Menno Simons on ... discipline
For so long as the pastors and teachers strictly required a godly, pious life, served baptism and Supper to the penitent alone, and rightly practiced separation, according to the Scriptures, they remained the church and community of Christ. But as soon as they commenced to seek an easy, careless life, and to shun the cross of Christ, they laid aside the rod, preached peace to the people; gradually abandoned the ban; and thus established an anti-christian church, a Babel or worldly church, as may, alas, be noticed, to look back over the last several centuries. Yea, my reader, if we had not until now strictly maintained this means ordained of God, then, we and ours, at this day, would have been a reproach and curse to the world, while, now, I trust, they, in their weakness, will be, by the grace of God, an example and a light to many men. [p. 69]

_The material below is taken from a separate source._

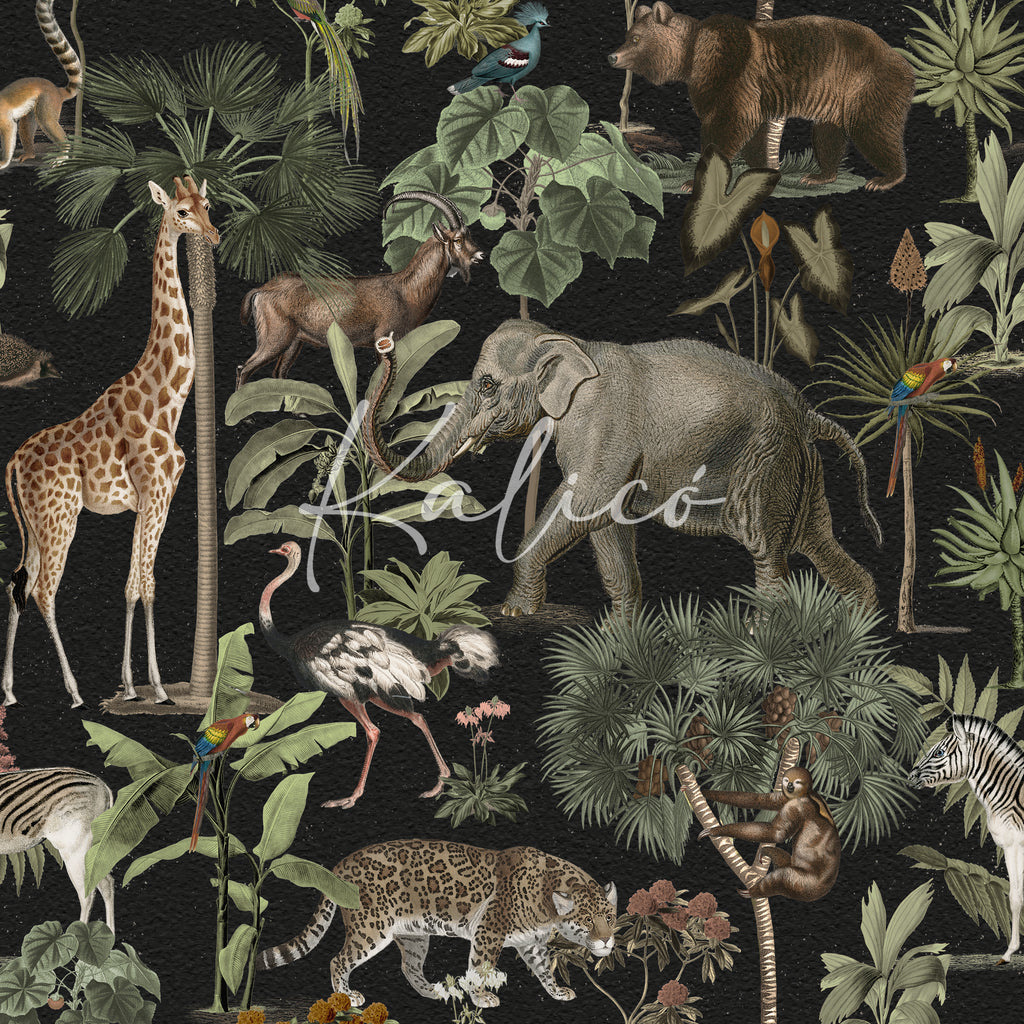 Serengeti Noir
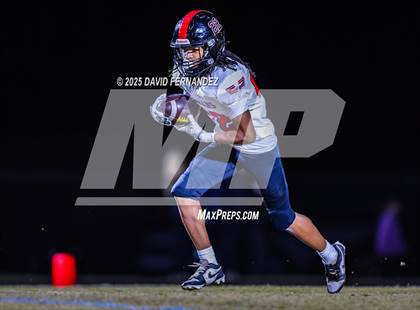 Thumbnail 3 in Sanderson @ Cape Fear (NCHSAA 7A East Round 2) photogallery.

The world acknowledges no ban, but when such a transgression has been committed, that the executioner bans them with the sword, noose or fire, for the sake of their evil-doing. [p. 72]
Therefore take heed. If you see your brother sin, then pass not by him, as one that does not prize his soul; but if his fall be curable, from that moment endeavor to raise him up by gentle admonition and brotherly instruction, before you eat, drink, sleep or do any thing else, as one who ardently desires his salvation, lest your poor, erring brother harden and corrupt in his fall, and perish in his sin. [p. 445]
But if he affectionately receive the admonitions of his faithful brethren, if he confess his fall, if he be sorry, promise reformation, show signs of penitence, and acknowledge his transgression, then, no matter how he has transgressed, receive him as a returning, beloved brother or sister, but beware, lest he mock his God; for the acceptation of brethren does not avail if we be not accepted of God. Beware, I say, lest his hearing the admonitions, his sorrow, his promise of reformation, and his penitence be not sincere before God; for he searches the hearts and reins, and he knows all inward feignedness and thoughts of men, Jer. 17; Jn. 2; Rom. 8.
If his hearing the admonitions, his sorrow, promise and penitence are not sincere and from his heart, but merely indifferent, feigned, spiritless, hypocritical, just because he does not want to be outwardly thrown out of the communion of the brethren, he is still cut off by Christ, and is a hypocrite in the sight of God. Nor will he be looked upon nor judged by God as being any thing else. For God the righteous Judge does not judge according to the outward appearance, but solely according to the inward intentions of the heart.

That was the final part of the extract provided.